The following figure shows the initial ImSym simulation of the machine vision camera. Some holes in the PCB are circled in red, which indicates that they were successfully detected. Those that were not successfully detected remain without red circles. The specular reflection of the copper on the PCB leads to saturated pixels in the camera, preventing the detection of the holes. This oversaturation occurs because the highly reflective surface of the copper creates intense glare, which overwhelms the camera sensor. Consequently, critical features such as holes are obscured and cannot be accurately identified.

One way to address this issue is to include an optical scattering measurement of the green PCB and copper in the ImSym simulation, which provides a more realistic view of the interaction between light and the PCB. The simulation can account for both specular and diffuse reflections, providing a comprehensive representation of how light behaves when it encounters the copper surface. This will give you additional insights so that you can also adjust the detector and ISP model used in ImSym to improve detection of PCB details.

You can use the Synopsys Mini-Diff V2 instrument to obtain the BSDF data.

The copper reflection is not purely specular; there is also a diffusion around the peak. This indicates that the reflective properties of the copper surface are more complex than initially anticipated.

The specular reflection, which is the mirror-like reflection of light, is accompanied by a diffuse component that scatters light in various directions. This scattering can affect the accuracy of detecting features, such as holes on the PCB, since the diffused light may obscure or blur the details that need to be identified.

Adding the BSDF data measured by the Mini-Diff V2 to the ImSym model and adjusting the detector and ISP parameters helps to mitigate issues related to oversaturation and enhances the ability of the optical system to detect fine details on the PCB. As a result, the inspection process is significantly more accurate and reliable, leading to better quality control and more reliable PCB manufacturing. The updated ImSym simulation is shown below, in which all the PCB holes are detected.

Understanding and accounting for both the specular and diffuse components of the reflection are crucial for improving the detection algorithms and ensuring precise inspection of the PCB.

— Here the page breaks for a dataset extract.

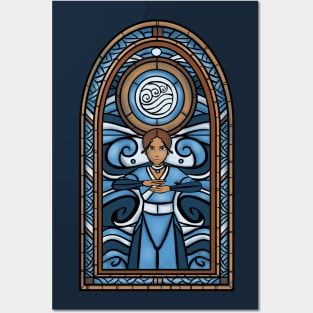 Stained Glass Water Posters and Art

Accelerating Imaging Design Innovation

ImSym allows engineers to model virtual prototypes of optical systems, providing early warnings of issues and enabling direct testing of image quality and signal processing. This proactive approach saves time and reduces costs by identifying problems early.

ImSym models the entire image acquisition chain and can use component models of varying fidelity. Synopsys optical scattering instruments measure BSDF, precisely describing light interactions with materials. Integrating measured data into ImSym creates an increased level of realism for reliable virtual prototypes, or virtual twins, closely mirroring the physical prototype.